The manager should have been responsible for prioritising what he was working on rather than just leaving him to "get on with it".
The changes he made were good but of low priority compared to what he was asked to do.
If he introduced a bug by some accidental typo that cause the code to build to something bigger, they should be working on fixing it, but they had source control and can label some of the previous version to build the release on that are known to be bug free. It is also possible to move Winston's changes onto a branch whilst restoring the previous version to the main branch and then merge in Winston's changes once they are properly tested.

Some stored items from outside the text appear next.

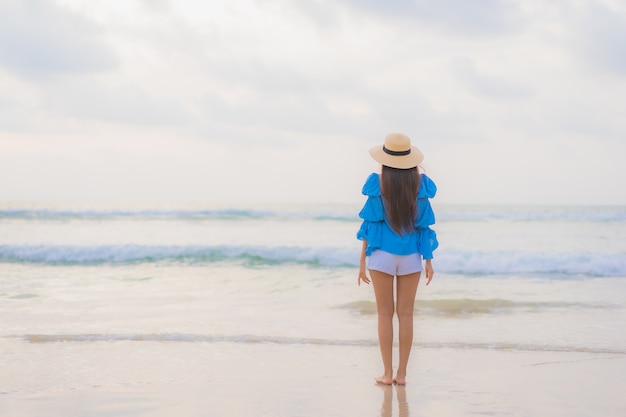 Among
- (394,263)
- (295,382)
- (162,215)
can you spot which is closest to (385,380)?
(295,382)

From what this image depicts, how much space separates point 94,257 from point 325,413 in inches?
503

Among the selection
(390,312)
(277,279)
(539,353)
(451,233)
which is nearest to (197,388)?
(390,312)

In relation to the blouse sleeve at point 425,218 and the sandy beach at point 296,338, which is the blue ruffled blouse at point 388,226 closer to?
the blouse sleeve at point 425,218

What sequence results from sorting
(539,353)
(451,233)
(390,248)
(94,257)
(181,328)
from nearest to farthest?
(390,248) < (539,353) < (181,328) < (94,257) < (451,233)

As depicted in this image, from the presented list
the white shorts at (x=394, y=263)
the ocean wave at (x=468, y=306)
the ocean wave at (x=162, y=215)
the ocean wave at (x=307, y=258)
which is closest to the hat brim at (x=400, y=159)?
the white shorts at (x=394, y=263)

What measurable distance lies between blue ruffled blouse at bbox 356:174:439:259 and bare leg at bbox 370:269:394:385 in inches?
8.7

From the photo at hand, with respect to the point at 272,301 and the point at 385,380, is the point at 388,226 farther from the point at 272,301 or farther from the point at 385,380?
the point at 272,301

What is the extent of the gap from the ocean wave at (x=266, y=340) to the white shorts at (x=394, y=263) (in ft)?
6.06

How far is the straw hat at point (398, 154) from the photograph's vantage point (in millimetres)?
4570

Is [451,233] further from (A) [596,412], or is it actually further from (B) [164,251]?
(A) [596,412]

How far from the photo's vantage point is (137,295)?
31.5 ft

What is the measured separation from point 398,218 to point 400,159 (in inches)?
15.8

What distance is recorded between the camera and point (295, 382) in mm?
4973

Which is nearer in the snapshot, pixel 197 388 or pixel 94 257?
pixel 197 388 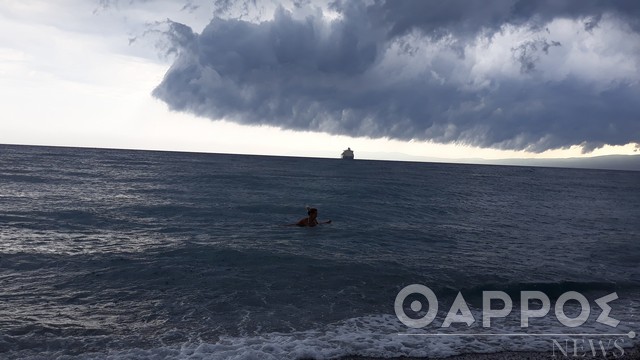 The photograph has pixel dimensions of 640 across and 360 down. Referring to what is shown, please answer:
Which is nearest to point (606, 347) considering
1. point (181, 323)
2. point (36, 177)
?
point (181, 323)

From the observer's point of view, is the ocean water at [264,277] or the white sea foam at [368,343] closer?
the white sea foam at [368,343]

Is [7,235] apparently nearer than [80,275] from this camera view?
No

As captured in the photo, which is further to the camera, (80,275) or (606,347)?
(80,275)

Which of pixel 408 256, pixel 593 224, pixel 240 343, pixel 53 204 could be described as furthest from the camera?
pixel 593 224

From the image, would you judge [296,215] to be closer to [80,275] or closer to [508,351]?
[80,275]

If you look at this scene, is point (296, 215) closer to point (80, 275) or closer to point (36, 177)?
point (80, 275)

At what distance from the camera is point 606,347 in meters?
11.2

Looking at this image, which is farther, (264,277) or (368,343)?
(264,277)

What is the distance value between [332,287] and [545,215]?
37.3m

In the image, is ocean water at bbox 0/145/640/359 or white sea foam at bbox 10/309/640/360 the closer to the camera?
white sea foam at bbox 10/309/640/360

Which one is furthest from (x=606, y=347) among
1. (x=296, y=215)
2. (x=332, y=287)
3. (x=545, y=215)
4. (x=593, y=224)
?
(x=545, y=215)

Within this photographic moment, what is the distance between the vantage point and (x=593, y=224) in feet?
127

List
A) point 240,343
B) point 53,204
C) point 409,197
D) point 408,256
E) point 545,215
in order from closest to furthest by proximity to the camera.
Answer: point 240,343
point 408,256
point 53,204
point 545,215
point 409,197

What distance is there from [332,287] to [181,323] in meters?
5.90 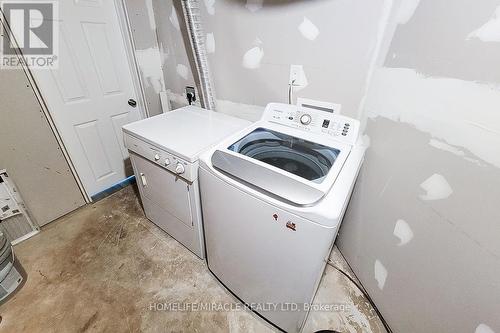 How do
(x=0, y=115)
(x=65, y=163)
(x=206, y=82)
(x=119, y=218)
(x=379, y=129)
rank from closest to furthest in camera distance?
(x=379, y=129) → (x=0, y=115) → (x=206, y=82) → (x=65, y=163) → (x=119, y=218)

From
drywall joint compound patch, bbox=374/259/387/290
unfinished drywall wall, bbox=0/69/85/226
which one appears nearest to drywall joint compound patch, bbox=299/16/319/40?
drywall joint compound patch, bbox=374/259/387/290

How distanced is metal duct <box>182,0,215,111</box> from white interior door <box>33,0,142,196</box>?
853 millimetres

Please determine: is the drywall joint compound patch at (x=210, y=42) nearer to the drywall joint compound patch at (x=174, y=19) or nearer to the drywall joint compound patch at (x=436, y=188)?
the drywall joint compound patch at (x=174, y=19)

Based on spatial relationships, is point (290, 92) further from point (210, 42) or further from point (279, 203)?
point (279, 203)

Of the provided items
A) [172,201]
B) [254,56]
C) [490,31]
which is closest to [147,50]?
[254,56]

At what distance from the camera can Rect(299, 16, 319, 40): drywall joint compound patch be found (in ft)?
4.08

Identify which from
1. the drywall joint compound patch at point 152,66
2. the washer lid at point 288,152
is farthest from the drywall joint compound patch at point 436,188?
the drywall joint compound patch at point 152,66

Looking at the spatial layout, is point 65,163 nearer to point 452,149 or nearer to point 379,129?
point 379,129

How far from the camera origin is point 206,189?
1144mm

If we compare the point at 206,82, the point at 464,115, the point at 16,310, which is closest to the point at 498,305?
the point at 464,115

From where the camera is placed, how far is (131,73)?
2.12 m

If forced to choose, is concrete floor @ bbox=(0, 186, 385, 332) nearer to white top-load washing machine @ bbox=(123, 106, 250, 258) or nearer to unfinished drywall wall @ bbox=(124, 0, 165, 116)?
white top-load washing machine @ bbox=(123, 106, 250, 258)

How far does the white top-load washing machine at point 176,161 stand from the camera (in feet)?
4.19

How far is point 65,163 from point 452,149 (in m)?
2.58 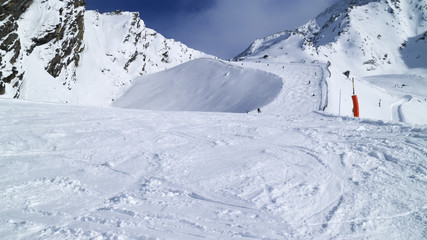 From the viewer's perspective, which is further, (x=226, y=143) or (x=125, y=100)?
(x=125, y=100)

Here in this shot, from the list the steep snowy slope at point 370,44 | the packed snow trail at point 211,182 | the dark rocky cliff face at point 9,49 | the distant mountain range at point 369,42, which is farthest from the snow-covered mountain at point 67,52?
the distant mountain range at point 369,42

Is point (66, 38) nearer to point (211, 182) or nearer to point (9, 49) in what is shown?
point (9, 49)

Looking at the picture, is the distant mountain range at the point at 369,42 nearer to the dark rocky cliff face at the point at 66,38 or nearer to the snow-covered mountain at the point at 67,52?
the snow-covered mountain at the point at 67,52

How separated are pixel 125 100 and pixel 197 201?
4262cm

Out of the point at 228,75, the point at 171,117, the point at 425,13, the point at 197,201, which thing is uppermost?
the point at 425,13

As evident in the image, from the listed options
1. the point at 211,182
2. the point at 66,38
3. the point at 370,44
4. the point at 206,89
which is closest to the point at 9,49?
the point at 66,38

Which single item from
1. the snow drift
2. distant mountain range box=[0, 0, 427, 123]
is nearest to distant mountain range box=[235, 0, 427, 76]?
distant mountain range box=[0, 0, 427, 123]

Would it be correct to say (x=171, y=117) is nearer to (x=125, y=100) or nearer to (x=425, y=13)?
(x=125, y=100)

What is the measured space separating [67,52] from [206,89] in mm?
22962

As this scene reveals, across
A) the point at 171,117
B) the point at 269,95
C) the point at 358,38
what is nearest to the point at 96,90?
the point at 269,95

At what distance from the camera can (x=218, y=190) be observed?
4.37m

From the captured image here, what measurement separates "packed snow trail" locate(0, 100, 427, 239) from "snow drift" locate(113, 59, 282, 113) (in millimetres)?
18328

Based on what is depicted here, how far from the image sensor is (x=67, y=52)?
4091cm

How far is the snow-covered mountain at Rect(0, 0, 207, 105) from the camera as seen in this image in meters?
28.5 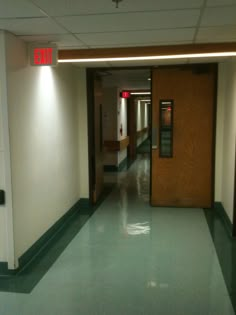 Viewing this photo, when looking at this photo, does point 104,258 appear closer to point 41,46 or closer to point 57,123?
point 57,123

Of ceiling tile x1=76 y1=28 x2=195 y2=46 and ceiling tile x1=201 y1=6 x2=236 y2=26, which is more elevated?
ceiling tile x1=76 y1=28 x2=195 y2=46

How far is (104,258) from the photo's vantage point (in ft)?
11.7

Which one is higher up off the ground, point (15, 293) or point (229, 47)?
point (229, 47)

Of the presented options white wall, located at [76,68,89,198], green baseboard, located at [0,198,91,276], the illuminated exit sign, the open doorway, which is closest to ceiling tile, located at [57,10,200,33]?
the illuminated exit sign

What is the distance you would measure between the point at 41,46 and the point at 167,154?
9.74 feet

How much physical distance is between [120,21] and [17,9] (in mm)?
824

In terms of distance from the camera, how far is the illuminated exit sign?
3297 millimetres

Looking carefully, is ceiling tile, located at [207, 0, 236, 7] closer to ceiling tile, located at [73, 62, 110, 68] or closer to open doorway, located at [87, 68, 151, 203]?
ceiling tile, located at [73, 62, 110, 68]

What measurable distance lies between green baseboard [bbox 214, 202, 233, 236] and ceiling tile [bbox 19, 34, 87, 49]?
300 centimetres

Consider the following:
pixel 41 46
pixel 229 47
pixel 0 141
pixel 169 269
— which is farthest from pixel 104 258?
pixel 229 47

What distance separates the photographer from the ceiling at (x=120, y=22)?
Answer: 7.45 ft

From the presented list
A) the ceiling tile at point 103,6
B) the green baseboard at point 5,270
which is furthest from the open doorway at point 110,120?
the ceiling tile at point 103,6

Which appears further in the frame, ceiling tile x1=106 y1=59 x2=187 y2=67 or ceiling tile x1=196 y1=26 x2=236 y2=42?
ceiling tile x1=106 y1=59 x2=187 y2=67

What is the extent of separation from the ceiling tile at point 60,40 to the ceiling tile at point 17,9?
2.11 ft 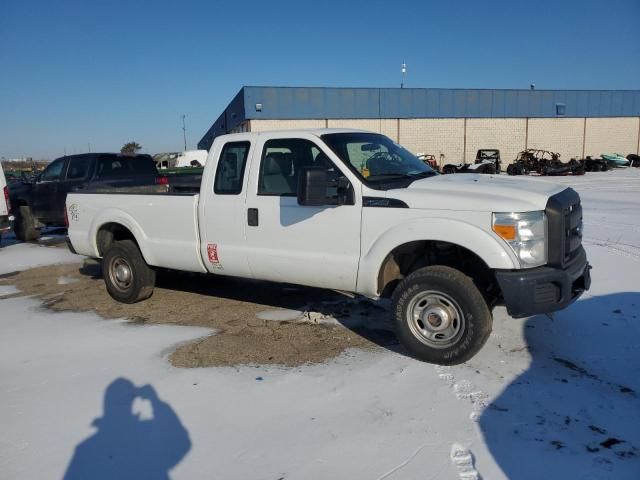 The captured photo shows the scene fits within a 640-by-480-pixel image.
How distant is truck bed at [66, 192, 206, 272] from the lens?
536 centimetres

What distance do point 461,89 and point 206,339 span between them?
3873 centimetres

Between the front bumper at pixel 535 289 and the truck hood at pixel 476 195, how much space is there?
1.58 feet

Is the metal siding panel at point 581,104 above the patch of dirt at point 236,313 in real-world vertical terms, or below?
above

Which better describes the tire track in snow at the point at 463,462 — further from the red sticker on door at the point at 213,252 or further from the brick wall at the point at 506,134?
the brick wall at the point at 506,134

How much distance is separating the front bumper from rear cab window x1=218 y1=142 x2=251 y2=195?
271 centimetres

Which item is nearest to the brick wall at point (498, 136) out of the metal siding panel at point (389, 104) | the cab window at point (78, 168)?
the metal siding panel at point (389, 104)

The lack of proper regression tests also seems to be an issue here.
QA actually means Quality Assurance, and it is ensuring proper software engineering are being carried out, including testing. For many companies though QA = testing which it isn't.
Admin
In the first case you have initialised your buffer of 100000 chars and when you do that it initialises all of it, not just the first 1100 that you have in your string.
Try using [] rather than specifying the size.
You could also use const char * if there is no plan to write into it.
A common thing one might do is
char buf[BUFSIZE] = { 0 };
which puts a 0 into every byte, not just the first one. char buf[ BUFSIZE ] = ""; does the same.
I'm sure Winston would not have done exactly the code above, because he was careful on good coding practices and would not have used magic numbers like 15.